Employee benefit plans with 100 or more participants are required to have an independent audit each year. Yet, ERISA is unique in that it allows plan administrators to opt for a limited scope audit of their financial statements.
In a full-scope audit, everything in the plan is subject to testing. By contrast, with a limited scope audit, the auditor does not perform auditing procedures on certain investment information that is prepared and certified by a qualified trustee or custodian. This information is limited to investment valuation and income. All other aspects of plan operations will still be subject to detailed testing.

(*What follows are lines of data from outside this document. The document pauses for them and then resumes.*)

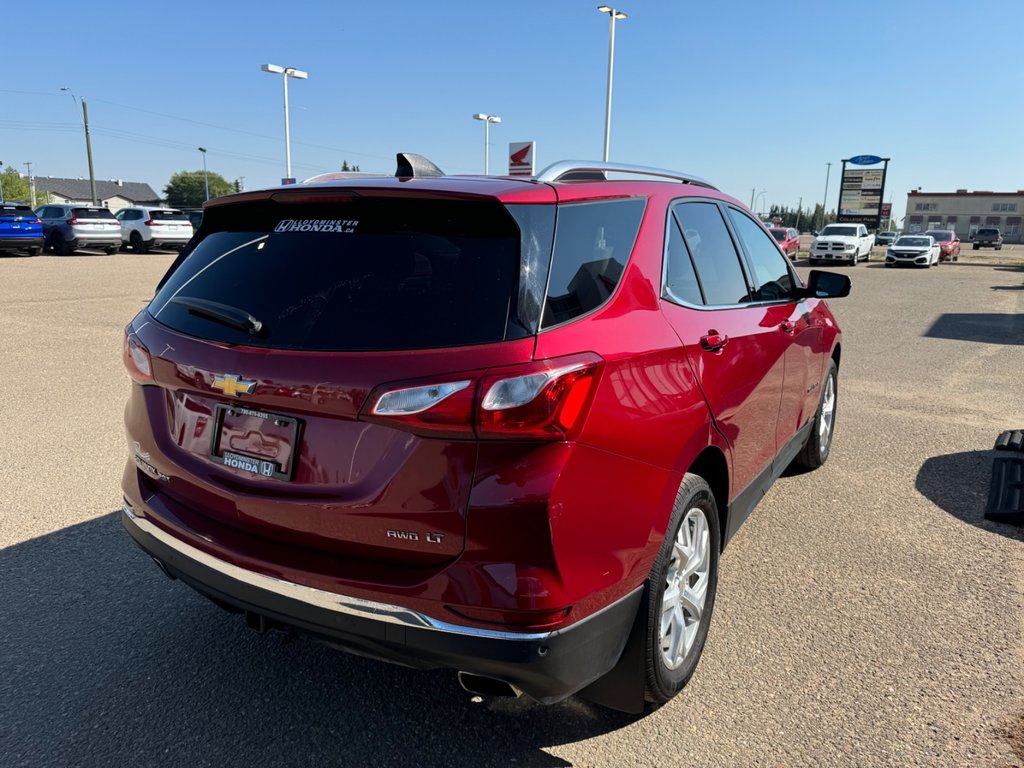 2019  Equinox LT in Lloydminster, Saskatchewan - 5 - w1024h768px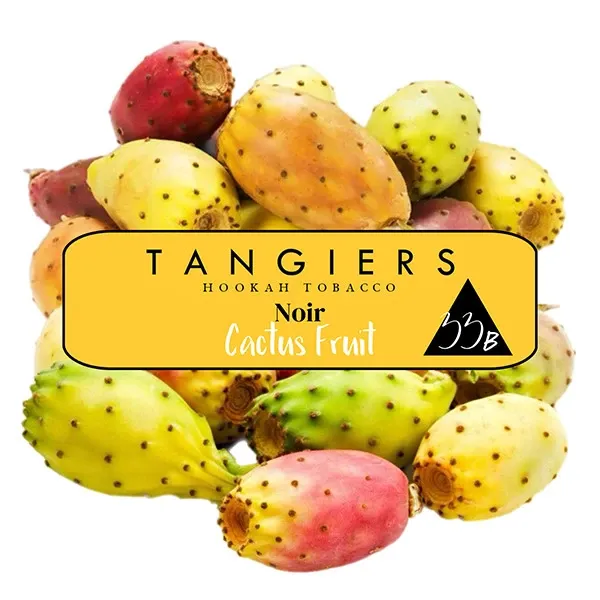 Tangiers Noir 33B - Cactus Fruit 100 g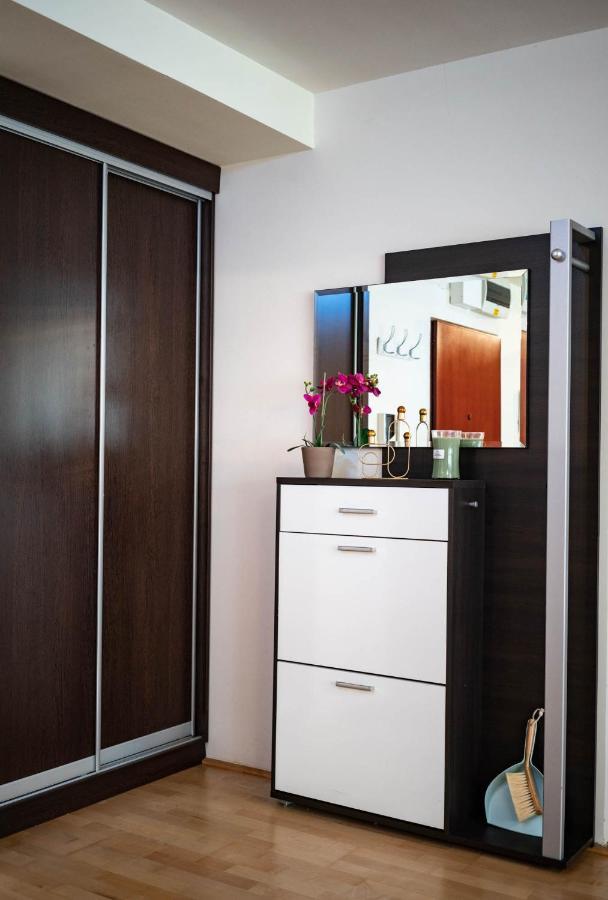 Apartament Free Parking! Soho 101, 4 Ppl, Ac, Superfast Wifi, Tv *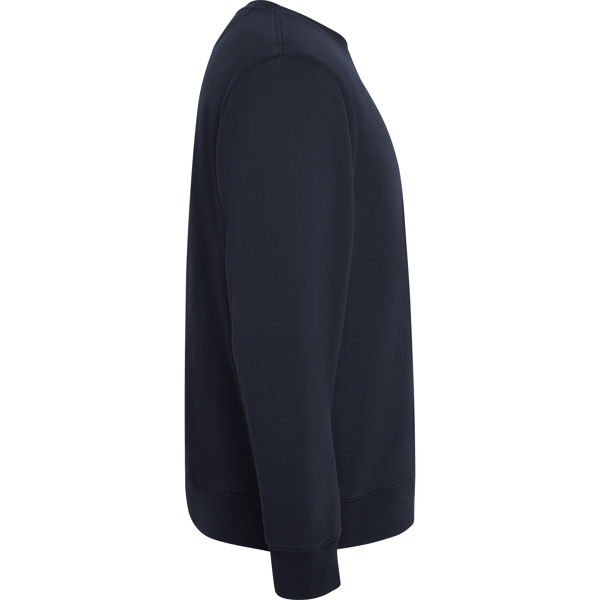 Джемпер BATIAN унисекс, МОРСКОЙ СИНИЙ 3XL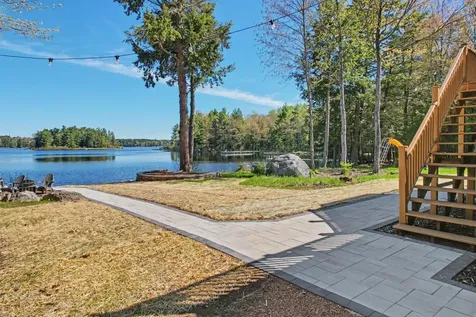 6621 Eaglesham Road Three Lakes WI 54562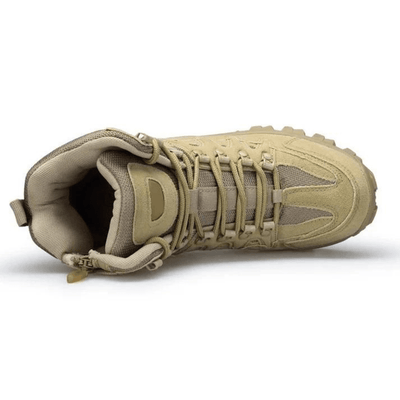 Nepremokavé a ľahké vonkajšie čižmy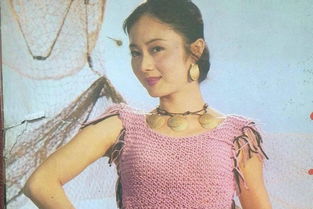 鄭少秋為什么怕官晶華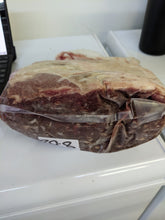 Load image into Gallery viewer, Full Blood Beef Boneless Top Butt Sirloin 8.08 pounds
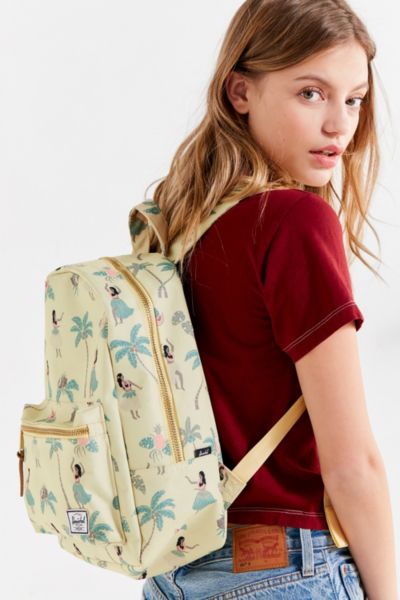 Herschel Supply Co. X UO Hula Grove Backpack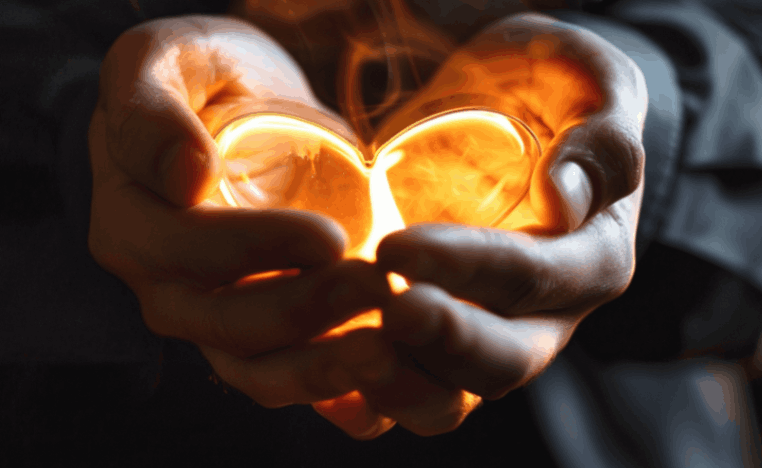 Insight into the Emotional Healing Aspect of Cremation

A qualified institution capable of certifying plan information is a bank, insurance company or similar institution that is regulated and supervised by a state or federal agency.
What’s in An Opinion?
During a full-scope audit, the auditors look at everything — from contributions and benefit payments to the valuation of investments and related earnings. Therefore, the auditors are able to provide an opinion about whether the plan’s financial statements — including supplemental schedules — are presented fairly in accordance with generally accepted accounting principles (GAAP) or Department of Labor regulations, as applicable.
With a limited scope audit, the auditors are not able to express an unqualified opinion because, while they still perform tests of contributions and benefit payments, significant investment information is provided by an outside party and is not formally audited. In fact, the CPA very specifically disclaims having an opinion. Note that a Disclaimer of Opinion due to certified information is acceptable to the Department of Labor as part of a limited scope audit.
Who’s Responsible?
Plan administrators have a fiduciary duty to ensure that a qualified institution has certified both the accuracy and the completeness of the investment information. In addition, it needs to be determined that the certification covers all plan investments. If not, these investments and related income would need to be subject to full scope procedures.
In the end, a quality audit will not only help plan fiduciaries fulfill their legal duties, but it will also provide the reliable information needed to prudently manage and administer the plan.